I'm not very happy in my marriage, though. Actually, I suspected that I would be before I got married. I didn't realize it until the wedding invitations were out. I was too young and too embarrassed to call things off then. I talked to my mother about it, but in the end, I thought the right thing to do was to marry her. She was the nicest person I had ever met.

Then we were married. I realized that she had kept a lot of things about herself from me during our brief engagement. She was not really that nice all the time. She later admitted that part of it was the happiness of being together with someone and part of it was that she feared my reactions if I saw some parts of her. I felt lied to -- and that she should have shown it all to me beforehand. But then, I also wondered if I might just be overreacting -- after all, I'm sure some people find things that aren't ideal about their partners as their relationships progress.

Religious ideas held me back from considering divorce early on.

She wanted kids. I never did, because I was afraid that our relationship was headed for failure. She pushed and pushed. I relented and we stopped using birth control for about 2 weeks and she got pregnant right away. 

Things got even worse after our first child was born. She had severe post-partum depression. I didn't want to leave my lovely new child, but I was about ready to divorce her anyway. Our relationship was in the dumps. I convinced her to see a counselor with me once. My wife refused to go see after the first session because she felt like the counselor was siding with me. I thought the counselor was very neutral, if anything.

It was around that time that I realized my wife had depression, not just post-partum, but a long pattern beginning in High School that was consistent with the "atypical" sub-type. I talked about it with my wife, and I told I didn't care if she went with me or not, but she needed to see someone, and if she didn't I would leave. She found herself a counselor who immediately recognized her depression. We wife started taking anti-depressants, which made a world of difference. She stopped being so suspicious of other people and also stopped being so sharp-tongued and short-fused. It was the first bit of light.

She started talking about another child. Because of everything that had already happened, and in the back of my mind I thought I might still divorce her, I told her my feelings, my reservations about another child. Then there was "birth control failure". I don't this for truth, but I suspect she stopped using her birth control. She hid the pregnancy from me -- I happened to find the prenatal vitamins.

But let's back up a little and inspect an overarching theme. My wife hates men. She thinks they are "vile and disgusting" and "only want is sex". She has memories of her dad with a terrible temper beating her fiercely as a child and throwing her 2 year old brother against a wall. Parts of it, she blocked out.
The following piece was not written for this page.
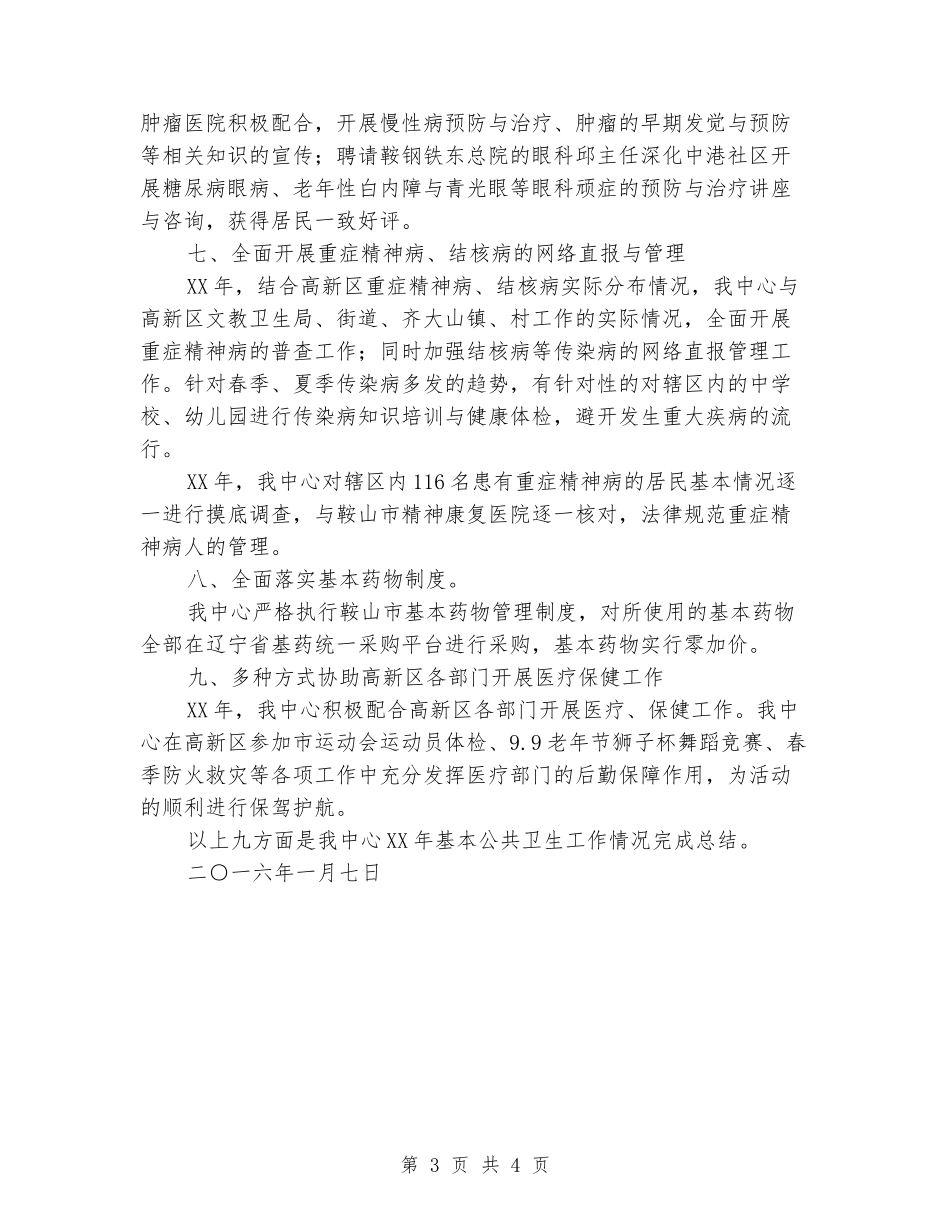 社区卫生服务中心基本公共卫生工作总结_第3页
She doesn't put me into this category of men and says I'm different. But she also half-jokingly says she thinks I'm gay because I'm not like most other guys. My wife tends to be a splitter, and I think men, by default, fall into the "bad" category.
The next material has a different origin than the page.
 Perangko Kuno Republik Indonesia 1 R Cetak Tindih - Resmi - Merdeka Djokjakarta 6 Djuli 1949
Then there is our intimacy. She has a lot of hang-ups about sex and kissing. She finds anything involving saliva or secretions disgusting, and says so without reserve. This has never made for a very dynamic sex life, although our sex life isn't bad.
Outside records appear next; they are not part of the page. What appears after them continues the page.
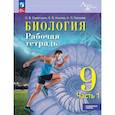 russische bücher: Суматохин С.В., Носова Е.В., Громова Н.П. - Биология 9 класс часть 1 Рабочая тетрадь Углублённый уров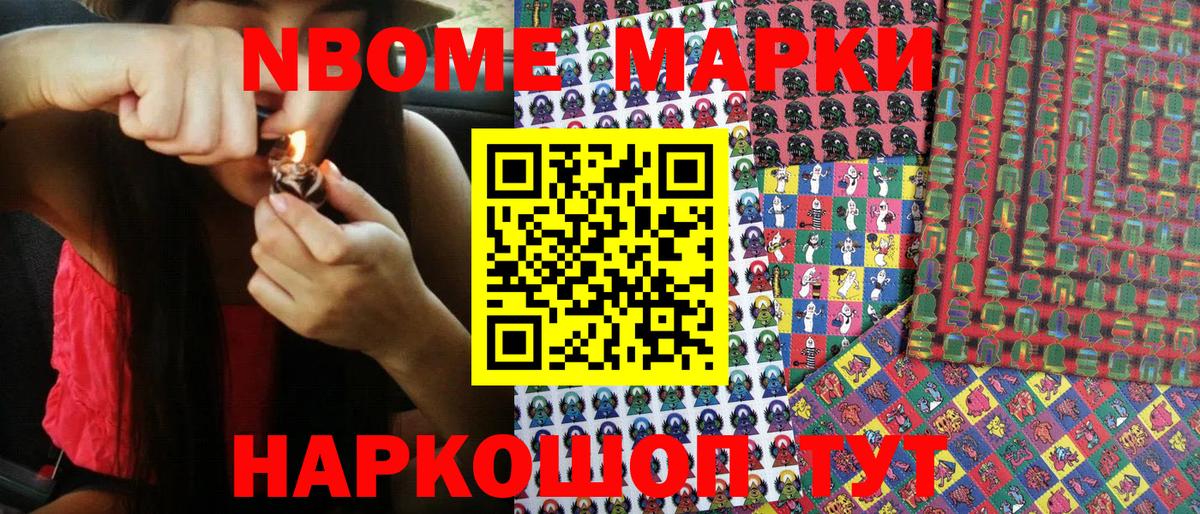 Альметьевск  Наркотические марки 1,8мг  Наркотические марки 1,8мг  Вход с VPN 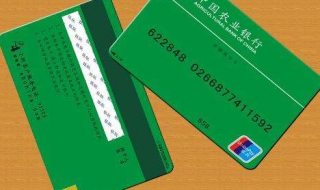 公積金卡丟了怎么補辦？具體方法總結如下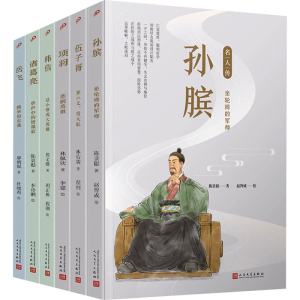 [M]套装名人传.军事家篇(孙膑/伍子胥/项羽/韩信/诸葛亮/岳飞)(全6册)-9787020142927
My wife is overweight. I worry about her health. She is only 5 feet tall and weighs more than me at 5' 9". I watch my diet and try to exercise. I had a long talk with her about all of these things before we got married, and how important fitness was to me. Her weight affects our lives -- as a specific example with our sex life, she only wants to be on bottom now because on top is too much work for her. She has been making an effort, and she did see a doctor and has started to exercise. She still eats a lot of extra food, though. For example, yesterday I found two candy bar wrappers in the trash and she made cookies at night. She got mad when I commented about it. I told the kids (who had a candy bar each) that one sweet was enough and they would have to save the cookies for later. I don't try to tell me wife how to eat, but I do try to encourage her to make good choices.

I worry because she feeds our kids all of the junk foods that she eats. She decided a few winters ago that our daughter was too skinny and started bulking her up. My wife was worried because sometimes my daughter would lose weight when she got sick. I protested, but I'm at work all day and can't control what she feeds the children. Now our daughter is overweight and her doctors are worried about it and talk to us about it every time we go for a checkup.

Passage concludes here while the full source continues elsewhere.